自室へと戻った俺はベッドにゴロリと仰向けで寝転がると、口を開く。
「さてと。んじゃ、早速ネムの視覚を覗いてみるか」
俺はそう呟くと、自身とネムの間にある繋がりを探るようにして、ネムの目に入り込むイメージをする。
すると、ふわっと視界が変わり、真っ暗になった。
そして、ぴちゃぴちゃと水の跳ねる音が反響するように聞こえてくる。どうやら成功のようだ。

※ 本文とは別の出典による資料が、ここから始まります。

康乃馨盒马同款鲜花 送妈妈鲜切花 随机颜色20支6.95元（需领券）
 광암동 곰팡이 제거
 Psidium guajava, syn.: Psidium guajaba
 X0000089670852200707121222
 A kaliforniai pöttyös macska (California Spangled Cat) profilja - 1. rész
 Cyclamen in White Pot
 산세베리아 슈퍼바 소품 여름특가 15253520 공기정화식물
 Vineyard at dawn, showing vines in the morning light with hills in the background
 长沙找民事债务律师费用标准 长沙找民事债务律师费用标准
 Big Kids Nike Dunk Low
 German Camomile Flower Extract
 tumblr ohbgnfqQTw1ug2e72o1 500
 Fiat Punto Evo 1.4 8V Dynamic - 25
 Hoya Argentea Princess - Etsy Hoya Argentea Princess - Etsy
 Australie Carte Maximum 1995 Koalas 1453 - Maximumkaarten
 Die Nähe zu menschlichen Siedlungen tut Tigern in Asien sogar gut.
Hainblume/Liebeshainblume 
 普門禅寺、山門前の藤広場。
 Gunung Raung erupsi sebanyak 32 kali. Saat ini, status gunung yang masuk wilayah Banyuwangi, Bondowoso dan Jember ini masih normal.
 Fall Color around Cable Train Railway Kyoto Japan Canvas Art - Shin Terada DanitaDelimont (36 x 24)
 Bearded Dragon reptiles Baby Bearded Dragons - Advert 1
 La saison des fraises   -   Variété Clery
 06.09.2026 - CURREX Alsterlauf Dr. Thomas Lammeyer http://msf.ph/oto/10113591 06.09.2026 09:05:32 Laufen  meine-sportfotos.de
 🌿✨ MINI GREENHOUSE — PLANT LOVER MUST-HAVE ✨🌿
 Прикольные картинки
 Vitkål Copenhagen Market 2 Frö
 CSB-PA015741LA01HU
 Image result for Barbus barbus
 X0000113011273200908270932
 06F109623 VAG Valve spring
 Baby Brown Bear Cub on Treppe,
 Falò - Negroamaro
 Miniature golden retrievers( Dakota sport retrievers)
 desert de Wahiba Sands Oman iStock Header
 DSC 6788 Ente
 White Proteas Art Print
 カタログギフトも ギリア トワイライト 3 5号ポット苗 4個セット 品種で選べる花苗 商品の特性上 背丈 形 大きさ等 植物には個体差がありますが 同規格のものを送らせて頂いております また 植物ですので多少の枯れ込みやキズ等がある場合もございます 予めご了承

「よし。流石にこの距離の視覚共有は出来るか。てか、音が聞こえるってことは、何気に感覚共有も出来てるのか。これも結構凄いことだよな? ……あとは、この距離から命令を下せるかだが……」
俺は若干不安になりながらも、下水道を進むネムに命令を下す。
「ネム。俺の言葉が伝わっているのなら、そこで立ち止まってくれないかな?」
すると、さっきまで聞こえていたぴちゃぴちゃという音が止まった。
本当に、立ち止まった……!
「ネム。再び目的地へ――下水道の外へ向かって進んでくれ」
するとどうだろうか。
なんと、再びぴちゃぴちゃと音が響き始めたのだ。
「よし。これは成功で間違いないな」
俺は思わずニヤリと笑う。
F級では流石に厳しいだろうと思っていたのだが、まさか成功するとはね。思念伝達って、個人差はあれど基本的にC級以上だし。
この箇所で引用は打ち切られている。